Chattanooga area radio, TV personality Garry Mac has died

Staff photo / Garry Mac, advocate for Hospice of Chattanooga, talks about the "Before I Die" wall Tuesday, Aug. 15, 2017, during a Senior Network meeting hosted by Hospice of Chattanooga in Renaissance Park in Chattanooga, Tenn.
Staff photo / Garry Mac, advocate for Hospice of Chattanooga, talks about the "Before I Die" wall Tuesday, Aug. 15, 2017, during a Senior Network meeting hosted by Hospice of Chattanooga in Renaissance Park in Chattanooga, Tenn.

Garry Mac, a TV and radio personality and a figure in the Chattanooga medical and nonprofit communities, died Tuesday in Florida where he lived and spent most of his time. He was 67.

Mac worked at WDXB and WGOW and is perhaps best known for his work with partner Dale Deason at WGOW, where they hosted a morning show in the 1980s. In recent years, Mac filled in at WGOW talk radio as a substitute when hosts were on vacation or sick.

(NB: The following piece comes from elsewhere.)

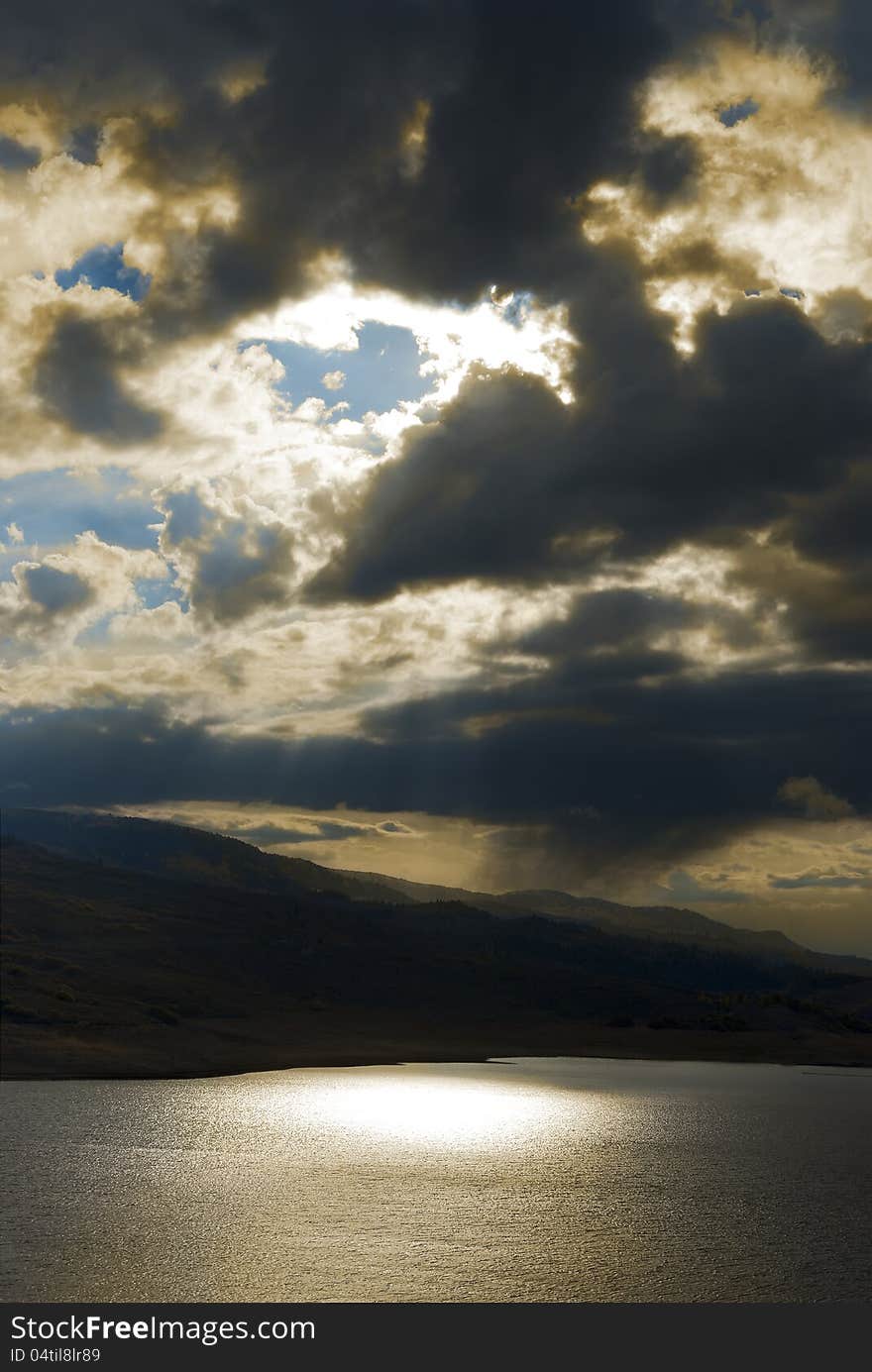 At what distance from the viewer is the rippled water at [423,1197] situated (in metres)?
31.2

After leaving broadcasting, Mac went to work for Memorial Hospital as a marketing assistant. At Memorial, Mac started the water bottle program, which urged people to drink plenty of water a day. He was a news anchor for WDEF-TV 12 for two years in the mid-’90s. He was also a spokesman for Hospice of Chattanooga and a frequent guest on local TV news and talk programs.

“Garry was a tremendously gifted air personality and deeply loved and respected by the broadcast community and everyone he met. He always carried a smile with him, and I’ll miss that a lot. Prayers for the family,” fellow broadcaster and broadcasting executive Ben Cagle said.

(READ MORE: 'Before I Die' wall leaves after Labor Day weekend)

“This just takes my breath away,” Memorial’s Jean Payne said in a text Wednesday morning. “I loved him so much, and he always had such joy. I ate lunch with him a few months ago along with Karen Sloan. Any time he was in town, we would try to connect. Huge loss for all.

“Garry always connected people of all ages and all backgrounds. He had such passion for his family, friends, his profession and was gifted on many levels, always kind and fun, too.”

(READ MORE: New Chattanooga hospice plan stirring dissent)

Mac was also an active member of the loosely organized Veterans of Radio Wars. He and fellow broadcaster and friend David Carroll, Local 3 News anchor, started the group in the early ’90s with others who were “getting out of the radio business, and (WGOW personality and UTC Mocs broadcaster) Jim Reynolds, who is still in it,” according to Carroll.

Carroll said by phone that their small group would meet for lunch and eventually it grew.

They would often host an annual lunch with several dozen people. Carroll and Mac would entertain the crowd of current and former TV and radio employees with jabs and time-worn inside jokes, Carroll said.

“Man, it hit me like a ton of bricks,” Carroll said by text. “Had lunch with him at Zarzour’s Wednesday. He drove back to Florida that night. All seemed fine. I’ve lost a brother and a best friend.”

Carroll later said by phone that Mac was the glue that kept everything together.

“I called him the straw that stirred the drink. When he entered the room, the party started,” Carroll said. “He was so approachable and so likeable.”

Reynolds said by phone that Mac and former Times Free Press reporter Mark McCarter “took me under their wing when I moved to Chattanooga in the 1980s.”

“Garry showed me what Chattanooga was all about,” Reynolds said. “He took me to Dairy Gold, Nikkis, Zarzour’s. The Chattanooga he knew.

“He was so proud of this city, and that is something he never lost.”

Reynolds said the two had traveled together covering the Mocs and were members of Christ United Methodist Church in East Brainerd, “and he loved that church. He was on the board and did all kinds of things there.”

WDEF on-air personality Chip Chapman wrote in a text that Mac “was always curious and a delight to be around. Garry was not just gifted in the art of conversation, he was an absolute master at it.”

Carroll said Mac had left specific instructions for how he wanted his funeral to go, and that those will be followed. He also said Mac has several family members in various parts of the world and the planning could take a while.